Nasıl çıkmıştı Tarık beyin odasından, daha doğrusu kaçmıştı. Arkasına bile bakmadan. Baksaydı belki ardından baktığını görecekti. Belki tekrar aynı konular konuşulacaktı. Sevda biliyordu, artık emindi. Büyümüştü ve insanların hakkında neler düşündüğünü anlayabiliyordu. Dostça, Kardeşçe yaklaşanla, bir beklenti içinde olan ve aşk peşinde olanın ayrımını yapabiliyordu. Ama anlayamadığı şuydu, nasıl olurdu da bir insan kendisine karşı en ufak bir Karşılık vermeyen kişiye karşı bu kadar ısrarcı olurdu. Nasıl olurdu da bu kadar bakışlarla, sözlerle ve davranışlarla rahatsız ederdi. Sevda son derece rahatsızdı bu durumdan. Tarık beyin üzülmesinde istemiyordu, ama kendisinde bu durumda olmayı hiç istemiyordu.
Derin bir nefes aldı ve çay ocağına doğru yürümeye başladı. Hatice hanım elinde büyükçe bir bezle tezgahın üzerini kuruluyordu, çünkü en büyük tepsisini almaya hazırlanıyordu. O anda arkasında duran Sevdayı farketmemişti.
" ha, Sevda hanım. Buyur canım." , dedi.
Sevda o naif ve yumuşak ses tonu ile " merhaba Hatice abla, sen işini yapabilirsin. Ben bizimkilere kahve pişireceğim."
Hatice hanım " tamam kızım, biliyorsun kahvenin suyun yerini" derken, bir yandan da bardaklarını hazırlıyordu.
" Haluk müdürün odası ecnebilerle dolu. Kimi Sütlü Çay, kimi makine gahvesi, kimi demli, kimi de açık Çay istedi. Gafamı iyice karıştırdılar. Yoksam ki ben yapardım bilirsin."
Hatice Hanım'ın şivesini Sevda çok seviyordu. Onun o saf halleri, bazı ani durumlar karşısında verdiği tepkiler güzel kızı çok güldürüyordu. Yine o anlardan biriydi. " bilirim, bilirim ablacığım. Sen işine bak."
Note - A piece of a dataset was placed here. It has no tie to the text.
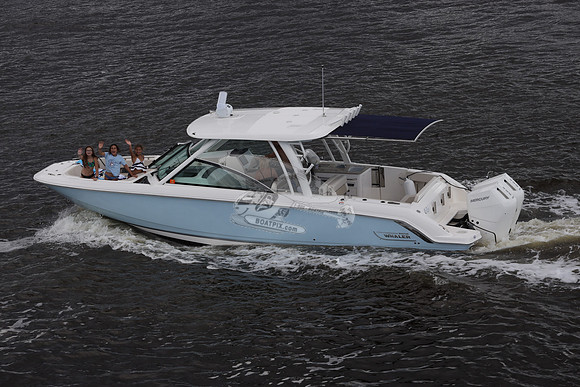 BOSTON WHALER.2 MERC.0479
Sevda kahveleri yapmaya koyulmuştu. Herkesin kahvesini kendi isteğine göre hazırlamaya ve yanlarına da bir bardak su koymaya özen gösteriyordu. Hatice hanım ağzının içinde kelimeleri belirli belirsiz tutturduğu bir Şarkıyı mırıldanarak işini yapmaya çalışıyordu. Bu Sütlü Çay da neyin nesiydi? Sütlü makine kahvesini, biliyordu. Sütlü kendinden çözülen kahveyi de biliyordu, ama Sütlü çayı bilmiyordu. Bir cezveye süt koymuş ocakta kaynamasını beklerken, Sevdaya sormuştu.
" Sevda gızım, bu sütlü çay da aynı Sütlü gahve gibi mi yapılır? , Sevda kadının ne yapacağını bilmediğini her halinden anlamıştı. Sütlü çayın Sütlü kahveye oranla çok daha az süt ilavesi olduğunu anlattı. Hatice hanım bu bilgiden dolayı çok sevinmişti, çünkü Haluk bey diğer müdürlere oranla biraz daha asık suratlı ve yanlış bir durumu gördüğünde tepkisini daha sert belli eden bir müdürdü.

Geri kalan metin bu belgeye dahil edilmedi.